To plot the point and find three equivalent expressions for the point given in polar coordinates, let's analyze the point:

Given Point:
$(r, \theta) = (-5, \frac{7\pi}{2})$

The negative radius $r = -5$ indicates that the point is actually in the opposite direction from $\theta = \frac{7\pi}{2}$, meaning we can convert this to a positive radius by adjusting $\theta$ by $\pi$ radians.

Step-by-Step Solutions

Plotting the Point

1. Convert $\theta = \frac{7\pi}{2}$ into an equivalent angle between $0$ and $2\pi$: $\frac{7\pi}{2} = 2\pi + \frac{3\pi}{2}$ So, the direction of this point is equivalent to $\theta = \frac{3\pi}{2}$ with a radius of $-5$, pointing 5 units in the opposite direction from $\theta = \frac{3\pi}{2}$.

Finding Equivalent Expressions

We will rewrite this point in three different forms as requested.

1. Form (a): $r < 0$ and $0 \leq \theta < 2\pi$

   • $r = -5$ and $\theta = \frac{3\pi}{2}$ satisfy this condition.
   • Answer for (a): $(r, \theta) = (-5, \frac{3\pi}{2})$

2. Form (b): $r > 0$ and $-2\pi \leq \theta < 0$

   • To make $r$ positive, we take $r = 5$.
   • Since $\theta = \frac{3\pi}{2}$ in the opposite direction gives a positive radius of 5, we subtract $2\pi$ to bring it into the range $[-2\pi, 0)$: $\theta = -\frac{\pi}{2}$
   • Answer for (b): $(r, \theta) = (5, -\frac{\pi}{2})$

3. Form (c): $r > 0$ and $2\pi \leq \theta < 4\pi$

   • Use $r = 5$ and add $2\pi$ to $\theta = \frac{3\pi}{2}$ to get an equivalent angle in the range $2\pi \leq \theta < 4\pi$: $\theta = \frac{7\pi}{2}$
   • Answer for (c): $(r, \theta) = (5, \frac{7\pi}{2})$

Summary of Equivalent Points:

• (a) $(r, \theta) = (-5, \frac{3\pi}{2})$
• (b) $(r, \theta) = (5, -\frac{\pi}{2})$
• (c) $(r, \theta) = (5, \frac{7\pi}{2})$

Would you like further details on polar coordinate transformations?
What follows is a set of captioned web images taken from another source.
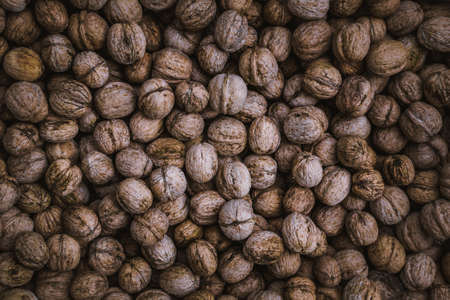 Background of walnuts vintage texture of fresh ripe nutsの写真素材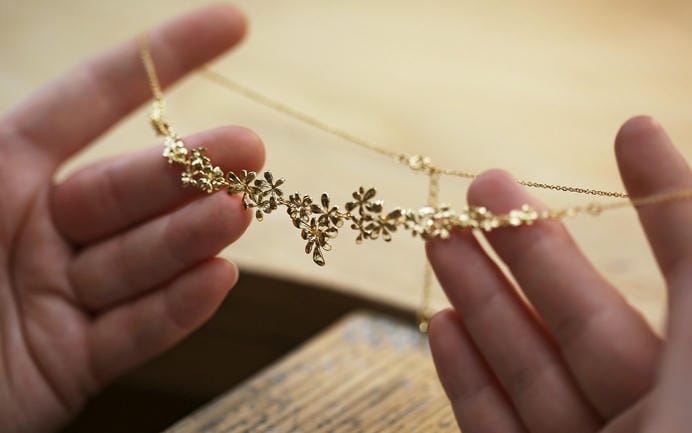 Large statement gold plated necklace being held above a jewellers bench.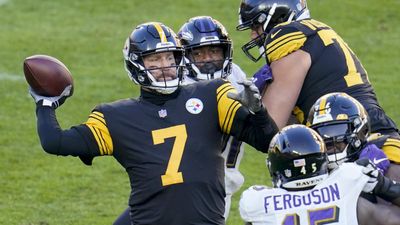 Ben Roethlisberger has his arm back to throw the ball, as two Ravens defenders close in.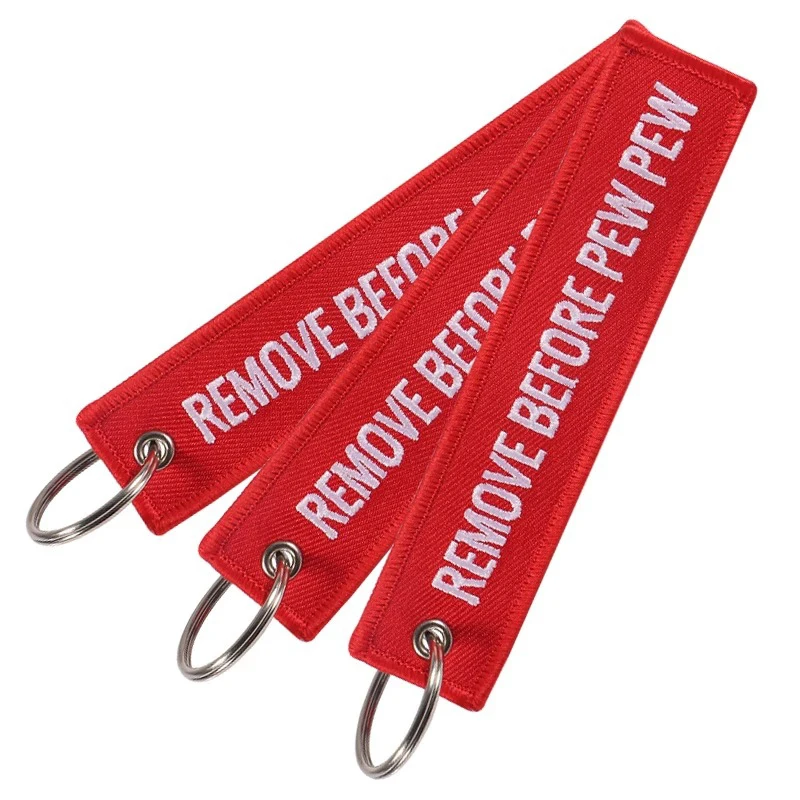 Entfernen Sie vor dem „Pew Pew“-Satz. Schlüsselanhänger für Motorräder und Autos, Rucksack-Schlüsselanhänger, neuer bestickter Schlüsselanhänger. – Detail 3
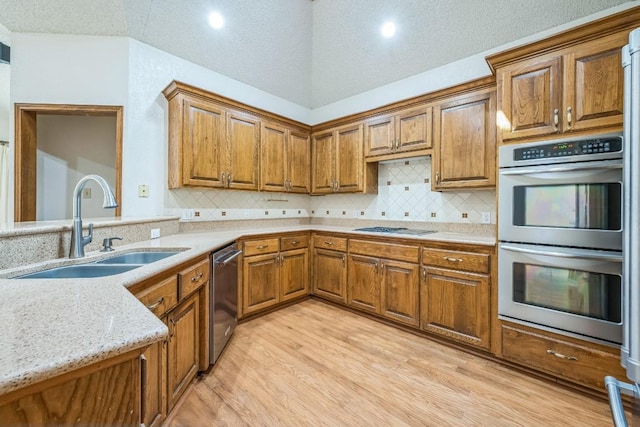 7 Hillway Dr, Round Rock, TX 78664 - kitchen with stainless steel appliances, light wood-style flooring, brown cabinetry, tasteful backsplash, and a textured ceiling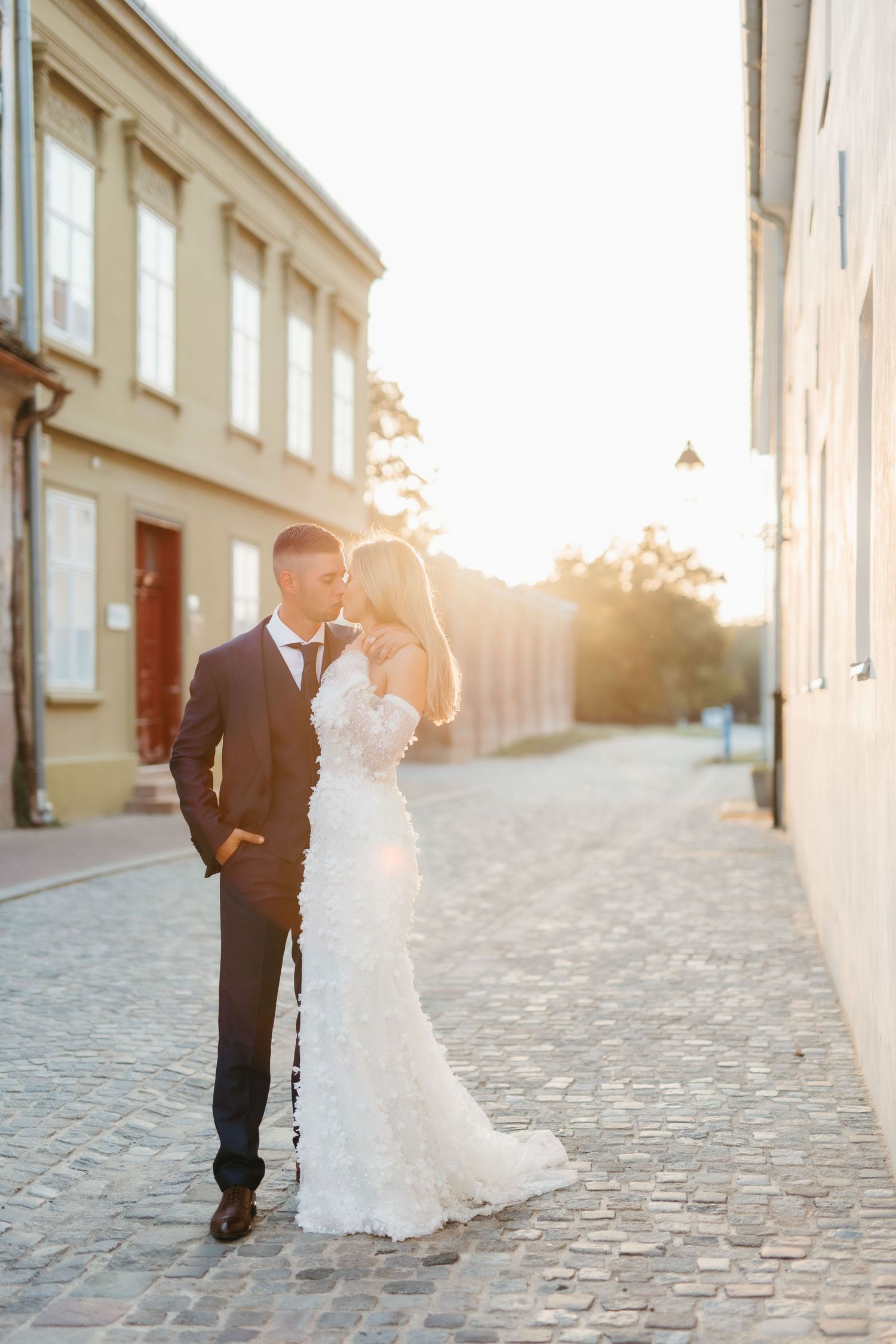 Wedding couple poses on cobblestone street with sunlit buildings in background.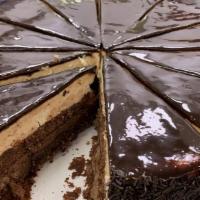 Chocolate Cake · Made with chocolate, kalamata extra virgin olive oil and hazelnuts drizzled with chocolate h...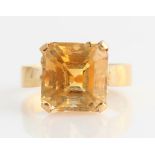 A single stone citrine ring, set with an emerald cut citrine, measuring approx. 9x9mm, stamped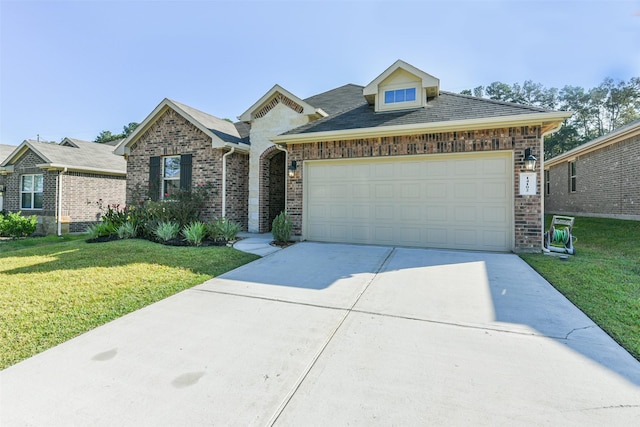 view of front of home featuring a garage and a front lawn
Here are some related questions to explore:

1. How do you convert between polar and Cartesian coordinates?
2. Why is it useful to have multiple representations of polar coordinates?
3. What is the effect of changing $r$ and $\theta$ on the plotted position?
4. How can you visualize negative angles in polar coordinates?
5. What are other applications of polar coordinates in mathematics?

Tip: In polar coordinates, a negative radius reflects the point across the origin in the opposite direction of the angle, making conversions to positive radii straightforward with angle adjustments.